On Saturday, a black hearse carrying Abe’s body and accompanied by his wife Akie arrived at his home in Tokyo’s upmarket Shibuya neighborhood. Many mourners, including senior party officials, awaited his remains and bowed their heads as the vehicle passed.

Nara Prefectural Police Chief Tomoaki Onizuka said Abe’s killing was his “biggest regret” of his 27-year career.

“I can’t deny that there were issues with our security,” Onizuka said. “Whether it was a facility, an emergency response, or the ability of individuals we have yet to find out. Overall there was an issue and we will review it from every perspective.”

The killing of Abe ahead of Sunday’s general election shocked the nation and raised questions about whether security was adequate for the former prime minister.

Some observers watching videos of the attack noted a lack of attention in the open space behind Abe as he spoke.

A former Kyoto Prefectural investigator, Fumikazu Higuchi, said the footage suggested security at the event was sparse and inadequate for a former prime minister.

“It is necessary to investigate why the security forces allowed Yamagami to move freely and walk behind Mr. Abe,” Higuchi told a Nippon TV talk show.

Experts also said Abe was more vulnerable standing on the ground than on a campaign vehicle, which is usually the case but was reportedly unavailable due to his hastily arranged visit to Nara.

“It seems that the police focused mainly on the front while paying little attention to what is behind Mr. Abe and nobody stopped the suspect from approaching him,” said Mitsuru Fukuda, professor for Crisis Management at Nihon University. “There were clearly problems.”

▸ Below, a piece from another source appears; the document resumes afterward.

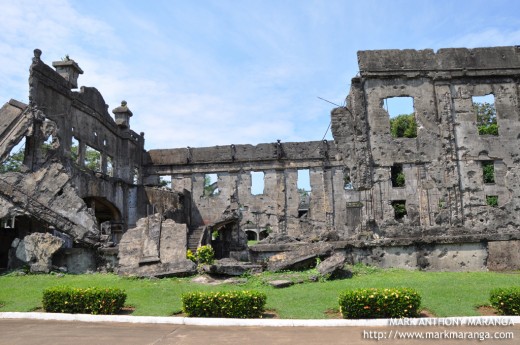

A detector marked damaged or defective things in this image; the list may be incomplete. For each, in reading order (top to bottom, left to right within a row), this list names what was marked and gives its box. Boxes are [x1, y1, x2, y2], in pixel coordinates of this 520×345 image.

war-damaged building [1, 47, 520, 276] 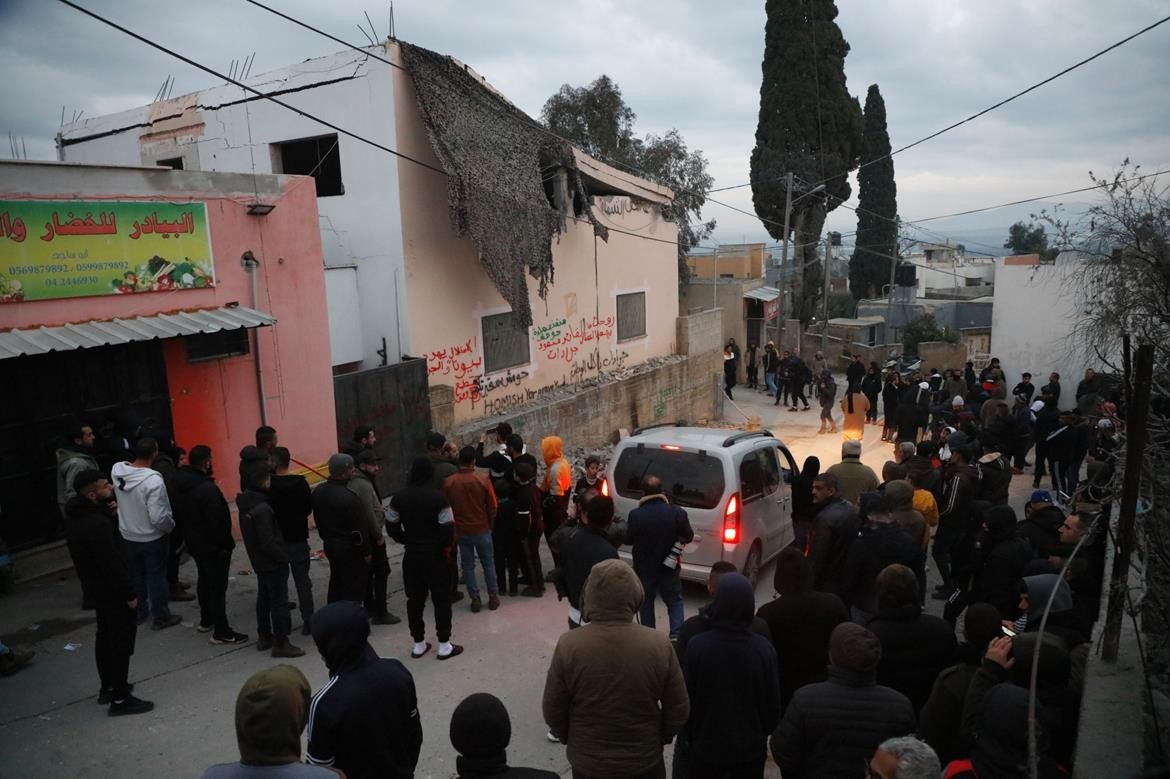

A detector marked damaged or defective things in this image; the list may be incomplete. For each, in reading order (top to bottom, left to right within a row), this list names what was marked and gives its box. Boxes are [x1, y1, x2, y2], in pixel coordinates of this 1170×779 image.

damaged building [59, 39, 684, 424]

Fukuda said that election campaigns provide a chance for voters and politicians to interact with each other since “political terrorism” was extremely rare in post-war Japan. But killing Abe could prompt tighter security measures at crowded events like campaigns, sports games and others.

During a parliamentary debate in 2015, Abe defied suggestions from an opposition lawmaker to improve its security, insisting that “Japan is a safe country”.

In videos circulating on social media, Yamagami, 41, can be seen standing just yards behind Abe on the other side of a busy street, constantly looking around.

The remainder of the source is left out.